The second day of Noir City featured four wildly different films, each in service to noir in its own way. The matinee double feature, a tribute to director Robert Siodmak, combined two of the more unusual noirs I’ve seen; the night duo, both by screenwriter William Bowers and director Robert Parrish, continued this year’s penchant for merging dark action with sharp, funny dialogue. None of the films are currently on DVD.
Matinee #1: A Doctor, a Dame, and The Kitchen Sink
1942’s Fly-By-Night is an everything-including-the-kitchen-sink brew of romantic comedy, espionage, Keystone Kop-style shenanigans, screwball dialogue, medical mystery and Hitchcock’s favorite theme of the wrongly accused man. Even the Noir City program notes are hard pressed to truly classify this as noir, but at least it has a tough talking dame and a man with a gun. The latter is Richard Carlson, star of Creature from the Black Lagoon; the former is Nancy Kelly, Oscar nominee for whipping Patty McCormack’s ass at the end of The Bad Seed. The words are by four screenwriters, including Oscar winner turned smut scribe Sidney Sheldon. Unlike most Hollywood fare written by multiple people, this one stays stitched together no matter how crazy its plot becomes, a testament to Siodmak’s direction.
Fly-By-Night begins as a prison break movie and ends as a romantic comedy. A seemingly deranged man escapes on a rainy night from a sanitarium. He carjacks Dr. Burton (Carlson) and forces him to drive him to a safe hotel room.
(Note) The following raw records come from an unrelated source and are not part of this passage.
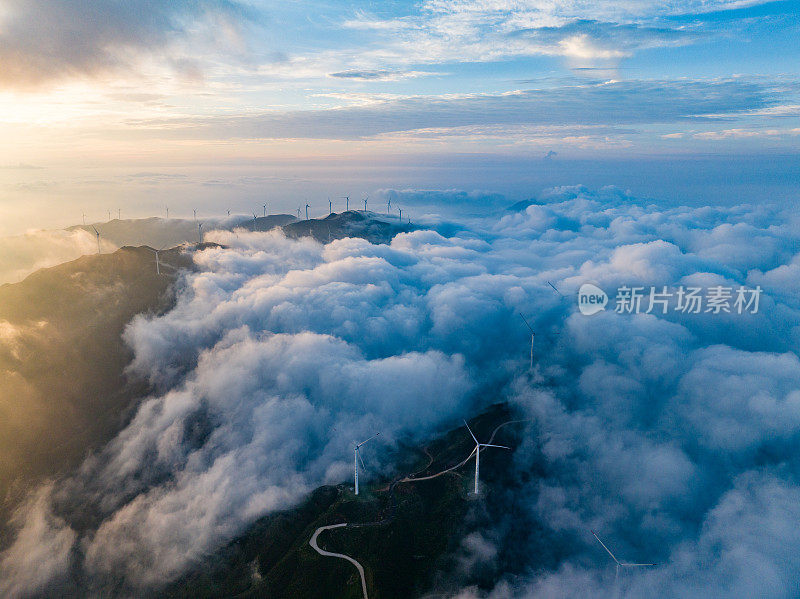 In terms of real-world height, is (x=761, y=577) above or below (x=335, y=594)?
above

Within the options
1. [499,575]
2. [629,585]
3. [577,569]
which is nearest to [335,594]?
[499,575]

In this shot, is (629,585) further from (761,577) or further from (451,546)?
(451,546)

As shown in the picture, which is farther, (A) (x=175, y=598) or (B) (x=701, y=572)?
(A) (x=175, y=598)

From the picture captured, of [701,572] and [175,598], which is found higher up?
[701,572]

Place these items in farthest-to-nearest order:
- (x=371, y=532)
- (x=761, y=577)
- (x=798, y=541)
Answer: (x=371, y=532) → (x=798, y=541) → (x=761, y=577)

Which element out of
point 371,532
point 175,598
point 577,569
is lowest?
point 175,598

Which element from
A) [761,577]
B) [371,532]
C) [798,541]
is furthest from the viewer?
[371,532]

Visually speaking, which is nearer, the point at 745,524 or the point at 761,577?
the point at 761,577

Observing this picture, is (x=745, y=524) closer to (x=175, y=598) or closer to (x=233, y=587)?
(x=233, y=587)

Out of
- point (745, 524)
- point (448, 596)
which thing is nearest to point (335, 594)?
point (448, 596) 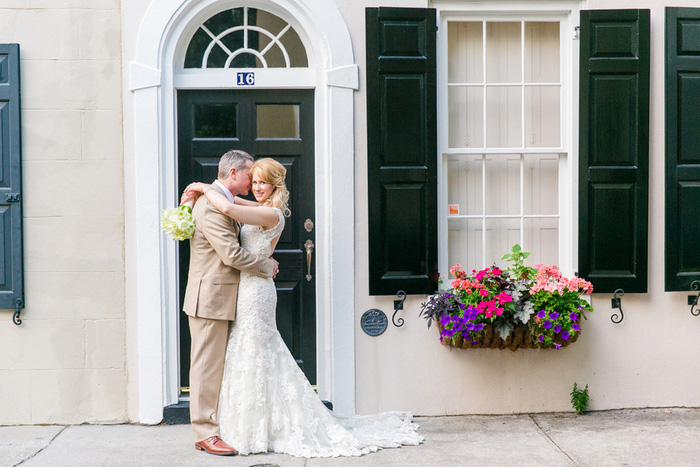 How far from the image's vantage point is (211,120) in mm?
5133

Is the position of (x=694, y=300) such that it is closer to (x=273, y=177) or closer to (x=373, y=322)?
(x=373, y=322)

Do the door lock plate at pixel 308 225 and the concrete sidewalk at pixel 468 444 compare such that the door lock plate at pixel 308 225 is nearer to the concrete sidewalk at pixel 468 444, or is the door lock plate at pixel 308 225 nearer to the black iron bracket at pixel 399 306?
the black iron bracket at pixel 399 306

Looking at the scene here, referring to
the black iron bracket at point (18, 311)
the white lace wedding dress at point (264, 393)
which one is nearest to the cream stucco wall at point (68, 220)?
the black iron bracket at point (18, 311)

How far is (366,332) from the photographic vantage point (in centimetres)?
510

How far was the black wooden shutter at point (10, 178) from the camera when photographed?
4906 mm

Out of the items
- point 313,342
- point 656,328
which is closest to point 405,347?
point 313,342

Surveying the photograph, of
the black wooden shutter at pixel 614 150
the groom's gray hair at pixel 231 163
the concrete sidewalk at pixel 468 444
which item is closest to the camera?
the concrete sidewalk at pixel 468 444

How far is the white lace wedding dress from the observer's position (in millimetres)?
4305

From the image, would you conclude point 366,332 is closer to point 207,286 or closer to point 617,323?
point 207,286

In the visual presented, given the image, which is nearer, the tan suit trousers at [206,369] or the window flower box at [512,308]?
the tan suit trousers at [206,369]

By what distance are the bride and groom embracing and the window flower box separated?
1.06 metres

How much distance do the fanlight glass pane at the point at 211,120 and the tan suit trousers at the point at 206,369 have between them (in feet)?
4.84

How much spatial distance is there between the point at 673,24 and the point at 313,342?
347cm

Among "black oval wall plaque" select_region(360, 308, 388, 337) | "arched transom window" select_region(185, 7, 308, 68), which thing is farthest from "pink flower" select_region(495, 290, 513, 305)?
"arched transom window" select_region(185, 7, 308, 68) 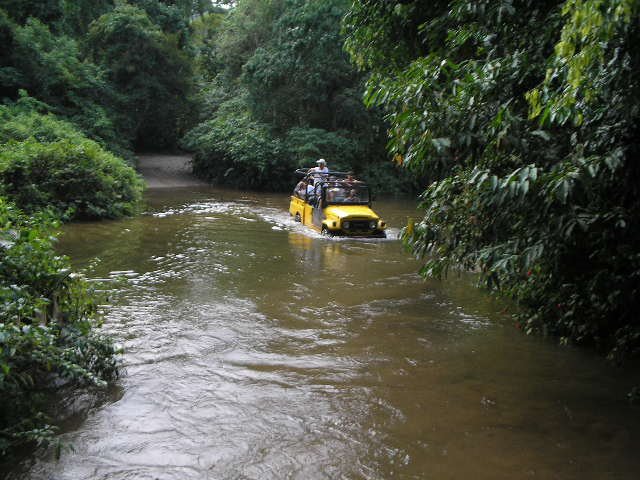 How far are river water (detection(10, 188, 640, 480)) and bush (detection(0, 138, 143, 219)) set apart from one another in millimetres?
6059

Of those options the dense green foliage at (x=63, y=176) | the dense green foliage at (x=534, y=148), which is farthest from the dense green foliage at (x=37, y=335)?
the dense green foliage at (x=63, y=176)

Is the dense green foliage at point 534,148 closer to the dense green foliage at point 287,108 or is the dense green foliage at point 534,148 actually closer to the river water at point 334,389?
the river water at point 334,389

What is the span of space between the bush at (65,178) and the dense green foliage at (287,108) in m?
8.67

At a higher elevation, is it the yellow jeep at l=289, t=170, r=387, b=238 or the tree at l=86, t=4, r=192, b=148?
the tree at l=86, t=4, r=192, b=148

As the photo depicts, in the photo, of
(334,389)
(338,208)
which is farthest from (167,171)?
(334,389)

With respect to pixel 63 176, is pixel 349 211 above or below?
below

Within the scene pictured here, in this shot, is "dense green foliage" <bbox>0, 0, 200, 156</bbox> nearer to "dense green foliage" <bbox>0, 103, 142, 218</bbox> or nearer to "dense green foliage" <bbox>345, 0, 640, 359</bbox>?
"dense green foliage" <bbox>0, 103, 142, 218</bbox>

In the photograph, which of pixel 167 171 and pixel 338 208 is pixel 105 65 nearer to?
pixel 167 171

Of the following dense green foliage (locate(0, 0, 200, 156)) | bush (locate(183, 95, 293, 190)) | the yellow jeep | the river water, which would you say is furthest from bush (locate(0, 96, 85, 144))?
the river water

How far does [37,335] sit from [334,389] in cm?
294

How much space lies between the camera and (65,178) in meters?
17.3

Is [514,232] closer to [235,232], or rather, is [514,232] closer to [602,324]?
[602,324]

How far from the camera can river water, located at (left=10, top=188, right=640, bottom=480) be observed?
15.7 ft

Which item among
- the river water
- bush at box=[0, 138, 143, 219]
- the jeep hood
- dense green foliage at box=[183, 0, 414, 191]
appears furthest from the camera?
dense green foliage at box=[183, 0, 414, 191] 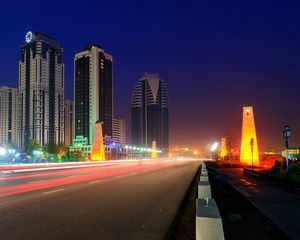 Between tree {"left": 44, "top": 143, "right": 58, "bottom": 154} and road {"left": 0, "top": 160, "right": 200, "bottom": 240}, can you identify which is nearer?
road {"left": 0, "top": 160, "right": 200, "bottom": 240}

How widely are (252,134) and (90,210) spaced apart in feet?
162

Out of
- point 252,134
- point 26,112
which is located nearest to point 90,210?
point 252,134

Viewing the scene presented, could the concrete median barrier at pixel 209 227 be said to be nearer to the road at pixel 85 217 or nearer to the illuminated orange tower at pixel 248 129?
the road at pixel 85 217

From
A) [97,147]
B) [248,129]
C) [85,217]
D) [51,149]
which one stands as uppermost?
[248,129]

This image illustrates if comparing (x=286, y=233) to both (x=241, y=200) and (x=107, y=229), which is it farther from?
(x=241, y=200)

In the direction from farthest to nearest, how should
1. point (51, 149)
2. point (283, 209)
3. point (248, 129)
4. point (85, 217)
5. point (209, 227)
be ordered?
point (51, 149), point (248, 129), point (283, 209), point (85, 217), point (209, 227)

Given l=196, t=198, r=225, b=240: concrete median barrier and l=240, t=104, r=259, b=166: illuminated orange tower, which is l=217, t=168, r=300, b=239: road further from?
l=240, t=104, r=259, b=166: illuminated orange tower

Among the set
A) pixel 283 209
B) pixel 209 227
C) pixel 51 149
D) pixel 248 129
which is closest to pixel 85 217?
pixel 209 227

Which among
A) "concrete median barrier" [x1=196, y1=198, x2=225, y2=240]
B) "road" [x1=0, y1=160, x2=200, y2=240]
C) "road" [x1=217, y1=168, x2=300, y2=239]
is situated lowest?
"road" [x1=217, y1=168, x2=300, y2=239]

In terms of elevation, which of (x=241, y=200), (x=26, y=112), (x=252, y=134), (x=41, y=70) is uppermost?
(x=41, y=70)

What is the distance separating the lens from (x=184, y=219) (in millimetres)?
8875

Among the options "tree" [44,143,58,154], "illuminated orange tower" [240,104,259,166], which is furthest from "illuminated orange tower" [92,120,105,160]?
"tree" [44,143,58,154]

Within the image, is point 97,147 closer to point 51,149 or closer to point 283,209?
point 51,149

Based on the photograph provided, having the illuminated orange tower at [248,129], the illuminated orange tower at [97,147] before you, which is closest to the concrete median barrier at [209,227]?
the illuminated orange tower at [248,129] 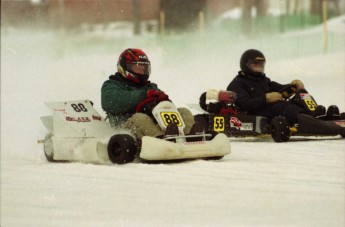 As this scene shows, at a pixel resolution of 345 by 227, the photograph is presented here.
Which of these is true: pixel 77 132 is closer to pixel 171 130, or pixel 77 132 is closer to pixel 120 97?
pixel 120 97

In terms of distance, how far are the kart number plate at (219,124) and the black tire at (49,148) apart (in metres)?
1.73

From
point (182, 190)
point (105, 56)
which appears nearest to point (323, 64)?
point (105, 56)

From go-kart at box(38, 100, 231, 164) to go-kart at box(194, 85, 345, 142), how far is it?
3.62ft

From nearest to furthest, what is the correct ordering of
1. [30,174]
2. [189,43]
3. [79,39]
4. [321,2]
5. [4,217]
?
[4,217] < [30,174] < [321,2] < [79,39] < [189,43]

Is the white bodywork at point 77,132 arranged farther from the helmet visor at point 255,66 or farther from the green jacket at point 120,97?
the helmet visor at point 255,66

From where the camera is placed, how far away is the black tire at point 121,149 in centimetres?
513

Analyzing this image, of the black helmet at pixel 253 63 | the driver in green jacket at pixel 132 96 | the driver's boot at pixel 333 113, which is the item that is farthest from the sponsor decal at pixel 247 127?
the driver in green jacket at pixel 132 96

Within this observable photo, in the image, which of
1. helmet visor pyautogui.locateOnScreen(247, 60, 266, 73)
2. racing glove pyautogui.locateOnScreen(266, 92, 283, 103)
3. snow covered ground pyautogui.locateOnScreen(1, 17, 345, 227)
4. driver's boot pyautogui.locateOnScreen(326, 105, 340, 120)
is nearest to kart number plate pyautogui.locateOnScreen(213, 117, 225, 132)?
snow covered ground pyautogui.locateOnScreen(1, 17, 345, 227)

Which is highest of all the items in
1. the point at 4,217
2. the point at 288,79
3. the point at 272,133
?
the point at 288,79

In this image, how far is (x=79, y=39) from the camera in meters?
10.5

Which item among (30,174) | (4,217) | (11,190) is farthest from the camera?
(30,174)

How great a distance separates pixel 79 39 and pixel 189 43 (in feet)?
5.99

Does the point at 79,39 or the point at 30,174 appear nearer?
the point at 30,174

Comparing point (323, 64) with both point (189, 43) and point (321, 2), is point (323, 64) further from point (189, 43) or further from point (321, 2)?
point (189, 43) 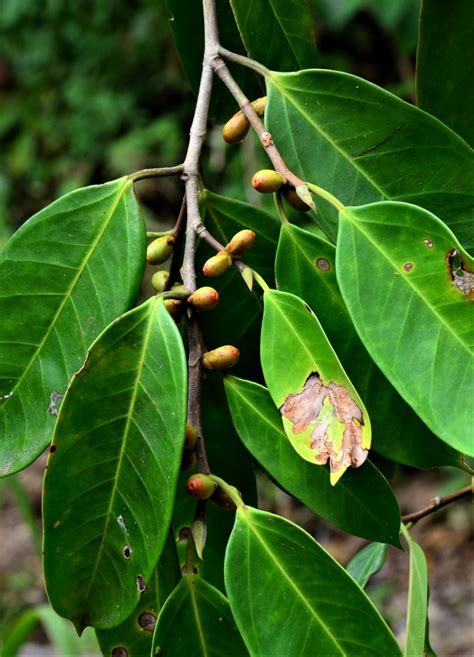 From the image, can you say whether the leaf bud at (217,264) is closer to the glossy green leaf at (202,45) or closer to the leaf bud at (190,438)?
the leaf bud at (190,438)

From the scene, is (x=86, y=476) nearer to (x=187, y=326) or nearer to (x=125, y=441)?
(x=125, y=441)

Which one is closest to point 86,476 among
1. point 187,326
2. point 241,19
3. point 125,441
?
point 125,441

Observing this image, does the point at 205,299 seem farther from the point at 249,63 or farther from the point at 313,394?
the point at 249,63

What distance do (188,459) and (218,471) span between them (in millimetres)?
111

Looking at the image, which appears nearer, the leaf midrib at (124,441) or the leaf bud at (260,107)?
the leaf midrib at (124,441)

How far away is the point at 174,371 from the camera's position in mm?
592

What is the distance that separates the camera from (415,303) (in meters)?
0.60

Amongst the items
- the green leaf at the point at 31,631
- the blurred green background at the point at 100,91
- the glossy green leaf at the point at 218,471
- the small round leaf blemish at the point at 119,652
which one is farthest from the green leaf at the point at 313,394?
the blurred green background at the point at 100,91

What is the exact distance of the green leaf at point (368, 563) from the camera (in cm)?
91

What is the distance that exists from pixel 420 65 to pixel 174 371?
1.29 ft

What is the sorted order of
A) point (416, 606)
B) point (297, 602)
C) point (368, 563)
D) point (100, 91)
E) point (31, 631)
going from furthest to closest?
1. point (100, 91)
2. point (31, 631)
3. point (368, 563)
4. point (416, 606)
5. point (297, 602)

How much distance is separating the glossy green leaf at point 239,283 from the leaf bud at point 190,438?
13cm

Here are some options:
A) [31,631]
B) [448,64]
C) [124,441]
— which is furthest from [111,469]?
[31,631]

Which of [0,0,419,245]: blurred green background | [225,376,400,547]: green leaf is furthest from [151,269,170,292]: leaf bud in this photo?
[0,0,419,245]: blurred green background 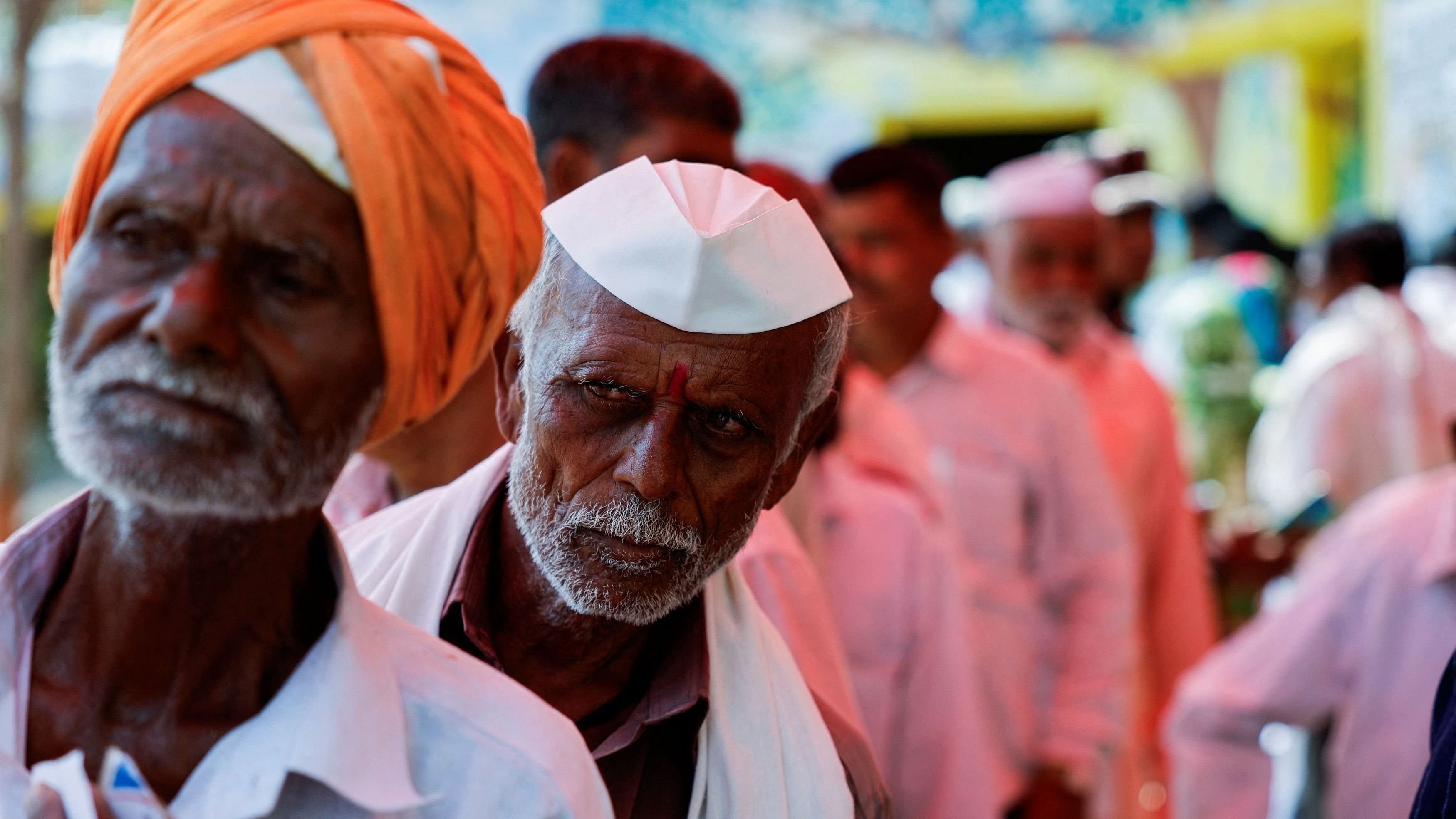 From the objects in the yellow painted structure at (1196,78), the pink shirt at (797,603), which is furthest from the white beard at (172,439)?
the yellow painted structure at (1196,78)

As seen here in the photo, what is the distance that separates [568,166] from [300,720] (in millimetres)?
1368

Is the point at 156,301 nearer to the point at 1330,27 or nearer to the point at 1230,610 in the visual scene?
the point at 1230,610

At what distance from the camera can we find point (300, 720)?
120cm

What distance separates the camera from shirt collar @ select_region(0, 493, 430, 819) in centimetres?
116

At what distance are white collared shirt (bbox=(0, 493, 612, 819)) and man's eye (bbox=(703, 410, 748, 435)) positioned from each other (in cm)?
38

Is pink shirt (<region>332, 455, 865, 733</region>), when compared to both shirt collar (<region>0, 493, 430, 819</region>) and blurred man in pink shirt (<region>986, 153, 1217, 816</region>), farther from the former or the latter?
blurred man in pink shirt (<region>986, 153, 1217, 816</region>)

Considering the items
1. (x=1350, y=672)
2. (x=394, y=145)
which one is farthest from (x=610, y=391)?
(x=1350, y=672)

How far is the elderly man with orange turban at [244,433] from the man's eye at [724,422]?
356mm

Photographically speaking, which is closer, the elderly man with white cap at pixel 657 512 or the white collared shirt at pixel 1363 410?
the elderly man with white cap at pixel 657 512

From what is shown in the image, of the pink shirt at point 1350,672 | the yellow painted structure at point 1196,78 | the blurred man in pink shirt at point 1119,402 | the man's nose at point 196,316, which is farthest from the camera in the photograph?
the yellow painted structure at point 1196,78

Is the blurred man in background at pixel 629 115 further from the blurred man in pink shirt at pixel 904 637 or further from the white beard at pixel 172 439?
the white beard at pixel 172 439

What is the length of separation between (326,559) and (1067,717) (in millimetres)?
2687

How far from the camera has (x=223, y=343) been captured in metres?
1.14

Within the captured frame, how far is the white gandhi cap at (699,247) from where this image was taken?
4.97 feet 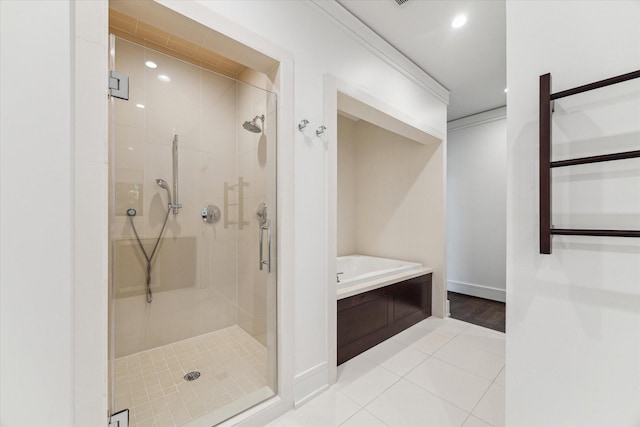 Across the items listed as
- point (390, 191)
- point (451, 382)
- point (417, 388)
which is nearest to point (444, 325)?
point (451, 382)

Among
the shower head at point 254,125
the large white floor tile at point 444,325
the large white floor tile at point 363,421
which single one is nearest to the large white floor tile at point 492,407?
the large white floor tile at point 363,421

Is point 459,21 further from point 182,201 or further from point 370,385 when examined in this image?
point 370,385

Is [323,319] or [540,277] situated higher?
[540,277]

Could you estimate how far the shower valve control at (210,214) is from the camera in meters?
1.67

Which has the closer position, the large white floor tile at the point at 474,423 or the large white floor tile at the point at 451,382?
the large white floor tile at the point at 474,423

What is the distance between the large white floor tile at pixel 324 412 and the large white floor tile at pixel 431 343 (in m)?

The escapee, Teisler, explains to Burton that he is sane, that he is the assistant to a famous biochemist, and that he is the victim of a conspiracy that found him unjustly institutionalized. Teisler shows Burton the bullet hole in his hat, along with a baggage claim check that holds the secret to “G32.” Of course, before Teisler can spill the beans on G32, he’s murdered while Burton is distracted. Since apparently only he and Burton were in the hotel suite, and Teisler was killed with one of Burton’s scalpels, the cops think Burton is the who in whodunit. Burton escapes onto the ledge after a hilarious misstep by the cops, and climbs into a neighboring apartment occupied by a nightgown-clad Pat Lindsey (Nancy Kelly).